Daenerys's show ending still annoys me to this day because it flies in the face of what make her story so unique in the context of the time she was written and developed. In a lesser story, Dany would have been dead by the end of book 1. She would have been killed as a pawn of Visery's story to take back the throne. She would have have been killed to spur Drogo's campaign against the Seven Kingdoms. Maybe she would have shared the same fate as her mother and died in childbirth to give a chosen one-esque male protagonist an angsty backstory. No matter what way she meets her end, it's all in service to further the story of one of her male family members.
Dany as a character can only exist the way she does because every many that would had power over her in the eyes of either Westerosi or Dothraki culture is dead. If Visery's lived, he would have continued to violently lash out against Dany for the crime of asserting herself. If Khal Drogo lived, she would remain dependent on his status to exert any real authority with the Dothraki. If Rhaegar lived, he could've ended up marrying her off to deal with the aftermath of Robert's Rebellion, like Aegon V did with his daughter. I don't even try to think about what Dany's life would have been like if Aery's won. The point remains the same, every male family member in her life was or would have been an obstacle to her own agency.
Dany's character is a subversion of the trope where the woman/girl dies for whichever male protagonists growth both in the fantasy genre and within the text regarding her family. Each new entry in the Targaryen family's history beats you over the head with the fact that Targaryen men, no matter the generation will fuck over their sisters, wives, daughters, aunts, and cousins for their own ends. No one was above it. Not Rhaegar. Not Daeron the Good. Not Aegon the Unlikely. Someway somehow, whether by circumstance or intention, driven by duty, malice, or apathy, the end was the same. The women had to pay.

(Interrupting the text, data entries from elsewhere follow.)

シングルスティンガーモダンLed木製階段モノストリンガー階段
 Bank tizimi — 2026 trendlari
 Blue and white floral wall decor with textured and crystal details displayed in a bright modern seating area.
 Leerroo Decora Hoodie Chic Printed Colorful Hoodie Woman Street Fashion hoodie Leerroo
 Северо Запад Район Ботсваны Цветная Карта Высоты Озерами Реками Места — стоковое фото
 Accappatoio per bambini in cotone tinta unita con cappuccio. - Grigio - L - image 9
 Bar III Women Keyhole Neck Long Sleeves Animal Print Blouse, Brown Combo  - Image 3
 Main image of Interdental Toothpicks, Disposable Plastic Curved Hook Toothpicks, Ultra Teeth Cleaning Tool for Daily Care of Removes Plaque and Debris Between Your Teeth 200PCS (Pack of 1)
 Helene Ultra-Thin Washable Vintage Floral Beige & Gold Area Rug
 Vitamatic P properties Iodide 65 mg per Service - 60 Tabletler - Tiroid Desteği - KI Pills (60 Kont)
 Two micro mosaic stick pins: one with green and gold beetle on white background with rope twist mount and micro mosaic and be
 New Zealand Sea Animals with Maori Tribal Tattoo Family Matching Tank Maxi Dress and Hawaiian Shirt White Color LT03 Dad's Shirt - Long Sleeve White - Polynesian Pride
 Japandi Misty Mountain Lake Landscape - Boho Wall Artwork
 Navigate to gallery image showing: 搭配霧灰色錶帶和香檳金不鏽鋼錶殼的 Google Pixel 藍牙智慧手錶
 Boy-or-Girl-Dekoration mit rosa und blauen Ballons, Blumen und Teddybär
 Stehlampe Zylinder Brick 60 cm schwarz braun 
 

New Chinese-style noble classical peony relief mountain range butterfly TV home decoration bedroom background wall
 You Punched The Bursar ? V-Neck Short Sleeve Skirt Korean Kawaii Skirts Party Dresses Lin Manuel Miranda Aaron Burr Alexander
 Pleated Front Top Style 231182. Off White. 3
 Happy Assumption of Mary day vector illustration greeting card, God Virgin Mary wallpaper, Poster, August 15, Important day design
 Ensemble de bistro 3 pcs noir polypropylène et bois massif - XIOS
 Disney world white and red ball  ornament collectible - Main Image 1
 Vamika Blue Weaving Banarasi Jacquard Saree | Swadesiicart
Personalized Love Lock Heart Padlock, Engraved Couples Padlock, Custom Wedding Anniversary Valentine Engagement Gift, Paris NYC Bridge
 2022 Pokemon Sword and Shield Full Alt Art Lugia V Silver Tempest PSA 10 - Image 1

Daenerys's story was a break from the cycle of gendered violence her female ancestors had to endure. There was no male relative to impede her agency for their own ends, and through that she became what the true hope for the Targaryens, becoming realizing the best of what they could be. And yet the show decides that it is even more clever to subvert the subversion of Dany's role in her family's story by also ending it with gendered violence by a male family member, but don't worry, she deserved it this time.